Analytical chemists from Indonesia have developed a metabolomics-based method to determine the authenticity of the world’s most expensive coffee, Asian palm civet coffee (Indonesian Kopi Luwak).1 Currently, there is no reliable, standard method for determining authenticity, making it an ideal target for fraud.
Consumers are willing to pay a high price for the bean because of the taste and aroma thought to result from the unique production process. Coffee berries are fed to the Asian palm civet (Paradoxurus hermaphrodites), a small cat-like mammal, and the “processed” coffee beans are collected from the animal excrement.
Sastia Putri of Osaka University, Japan, told The Column that she initiated the project in collaboration with the Indonesian Coffee and Cocoa Research Institute (ICCRI) and Bandung Institute of Technology, Indonesia. She said: “We selected Kopi Luwak as a research material for several reasons - there are very few scientific reports on Kopi Luwak and, most importantly, there is a serious issue about adulteration and fakes in the market.” She added: “Since this is a highly priced commodity, I think it is very important to prevent such practices because Kopi Luwak is a very important export commodity for Indonesia. Metabolomics technology has been proven to be a powerful tool for quality assessment and authentication of food products.”

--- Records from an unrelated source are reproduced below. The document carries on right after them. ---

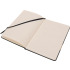 Notatnik A5 w linie DOUGLAS Czarny 2422703 (1) thumbnail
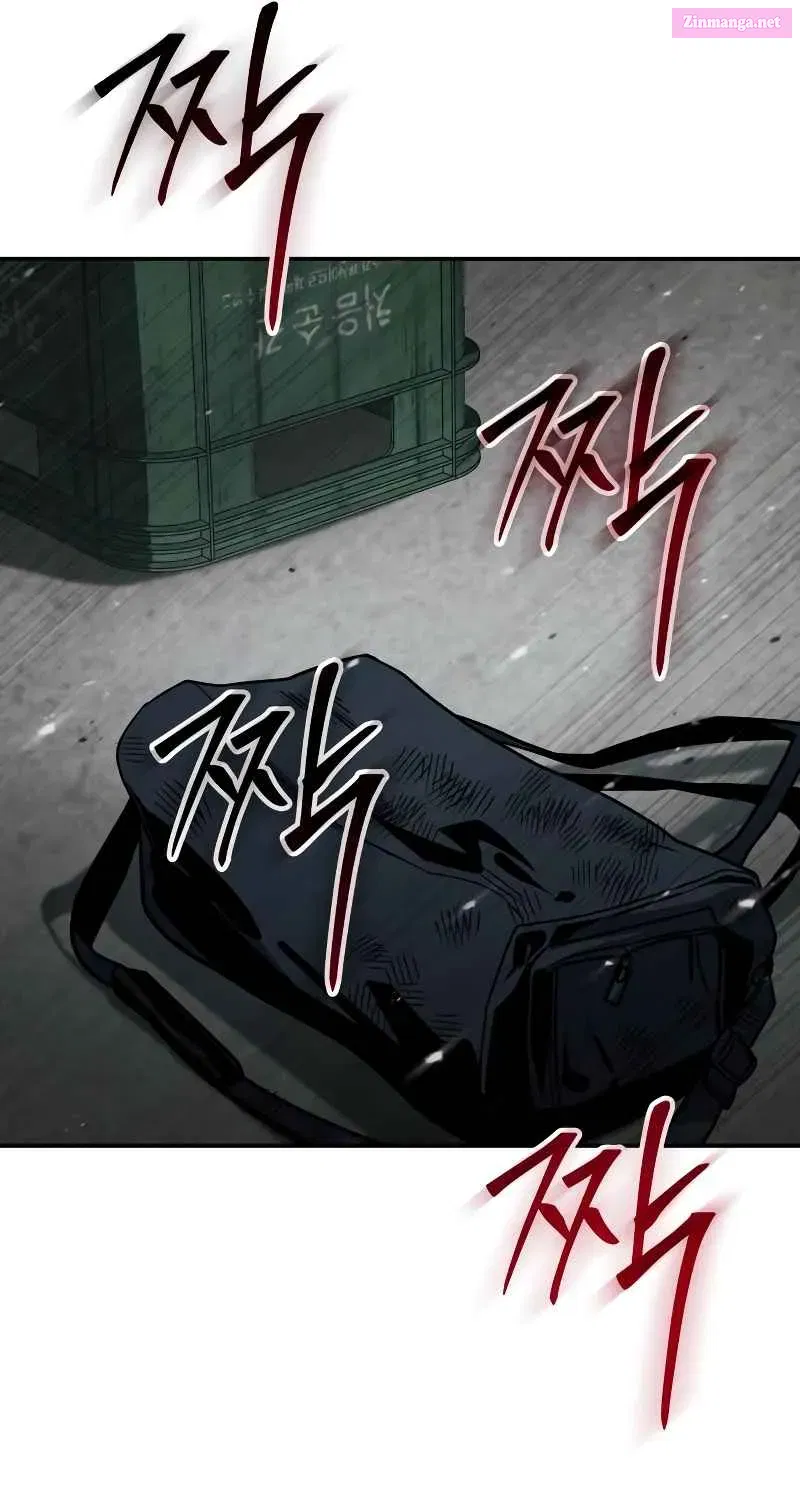 Dead Mansion Zinmanga X Chapter 2 Page 113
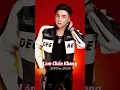 Download Lagu Lâm Chấn Khang singer 2003 to 2024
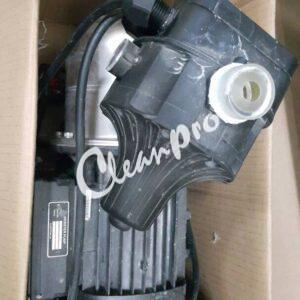 8-OTH-21-012 WEBSTER PUMP -( WBP 4-40 C/W Auto Pressure Control)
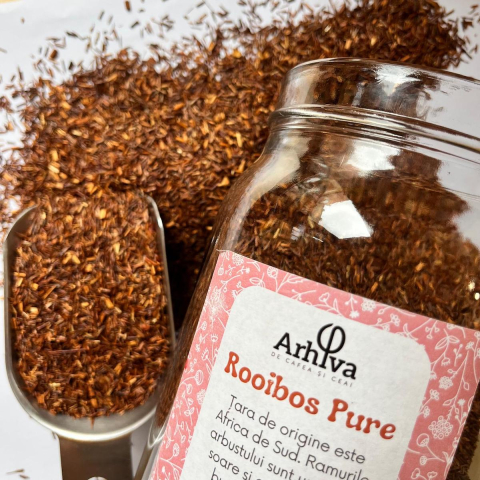 Rooibos, pure organic [1]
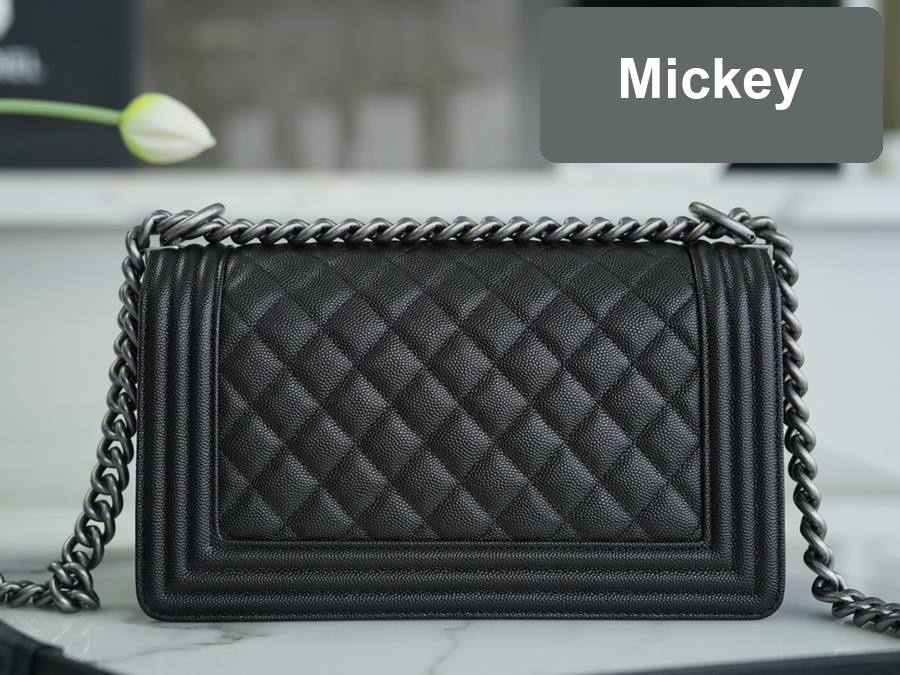 【S】$389=2600CNY｜Chanel JD Factory｜Item ID-55555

Extracts from 21 coffee beans (Coffea arabica and Coffea canephora) from three cultivation areas were sampled and analysed. Gas chromatography coupled with quadrupole mass spectrometry (GC–Q-MS) was performed followed by chemometric data analysis for classifying samples using principle component analysis (PCA). In addition, a cause-and-effect experiment was carried out to determine the effect of the Asian palm civet digestion on different coffee beans.The analysis demonstrated clear differences between Kopi Luwak coffee and “regular” coffee. The team identified citric acid, malic acid, and the inositol/pyroglutamic acid ratio as potential authentication markers.
Putri told The Column: “This is a key stepping stone for the development of a robust authentication procedure of Kopi Luwak in combination with the currently used methods such as visual inspection and taste test. For something that is so expensive, it is important that we make sure the customers get the real deal. It is a shame if Kopi Luwak gets a bad reputation because of the fake products that don’t represent the real taste.” - B.D.
U. Jumhawan, S.P. Putri, Yusianto, E. Marwani, T. Bamba, and E. Fukusaki, Journal of Agricultural and Food Chemistry61, 7994–8001 (2013).